The first response of the Labour Party parliamentary group after the appeal they received from civil society activists including myself to remove Joseph Muscat from office was to vote on an unanimous vote of confidence to retain him.

I suppose it was to be expected. For three and a half years, first by the Nationalist Party when it still had a voice and later by civil society activists, the call “Barra”, out, rang loud outside Castille. The Nationalist Party was believed to be motivated by replacing Labour in government. Of course, it was. That’s the job of political parties.

When the PN proceeded to eat itself up over corruption and switched to what they call “bread and butter issues”, Labour leaders and supporters saw civil society activists as nostalgic, “negative” nationalists blinded by the same partisan ambitions.

My biggest regret is our failure to persuade them, to come across to them as sincere in our conviction that Daphne was killed because of what she wrote and that what she wrote was true.

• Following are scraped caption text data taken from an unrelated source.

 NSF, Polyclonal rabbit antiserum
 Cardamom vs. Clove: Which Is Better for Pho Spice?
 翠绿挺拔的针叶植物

We failed to convince people that truth could free us all.

Even that time, less than two weeks ago, that we stood on the steps of Castille and asked the Labour parliamentary group to remove Joseph Muscat we were not believed. They defaulted to type, building the fortress of partisan defensiveness, the instinctive solidarity with a battered leader.

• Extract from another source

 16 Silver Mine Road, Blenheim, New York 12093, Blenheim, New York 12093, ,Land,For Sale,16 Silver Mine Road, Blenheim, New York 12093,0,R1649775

No penny dropped for them when the Panama Papers came out. No penny dropped for them when Daphne was killed. No penny when Yorgen Fenech was outed as the owner of 17 Black. No penny even when Yorgen Fenech was arrested.

They had to experience the rot within their very ranks when they heard last Thursday night that to save his own skin Keith Schembri sent messages to Yorgen Fenech. They also saw how he likely sought to organise a frame up to pin the murder on Chris Cardona. And then they saw how Joseph Muscat organised Keith Schembri’s inexplicable release from police custody.

In the last two years the Police have issued no more than one or two statements about their investigations into the greatest and foulest crime Malta has ever experienced. On Thursday they did something they never do. They issued a statement not merely announcing Keith Schembri’s release but his exoneration.

Now even Labour leaders were angry. The penny had finally rung on the floor.

So, we’re in a different place now. And we repeat our appeal. The fact that only you can force Joseph Muscat out – not the president, not the police, not the courts and especially not protesters in the street – means also that you have the duty and responsibility to do so.

You can see that Joseph Muscat presided on a corrupt regime that went as far as murder to protect itself from justice. You can see that Joseph Muscat knew for many months the elements of this conspiracy to murder and instead of stepping aside to allow justice to run its course he stayed on to pervert it. You can see that Joseph Muscat manipulated you leaving you out of a decision to pardon Keith Schembri’s buddy Melvin Theuma to cap the arrests at Yorgen Fenech. You can see that Joseph Muscat clung on to free his mate Keith Schembri from jail.

Every day he stays on this conspiracy gets deeper and darker. Every day you allow him to stay the coverup gets tighter.

Now we’re at a point where your failure to remove him does not amount to failure to allow for the possibility we have been sincere all along. Now that you know the truth your failure to remove him, to allow him to stay even another day, let alone the 6 weeks he is bartering for, becomes complicity in this coverup.

If you are serious about justice remove him. Today. At 4pm we’re gathering in Valletta to tell you this again. You have let your party, your voters, your supporters and the entire country down for three and half years. Doing the right thing now will not redeem you. But not doing it will turn your inadequacy into a crime.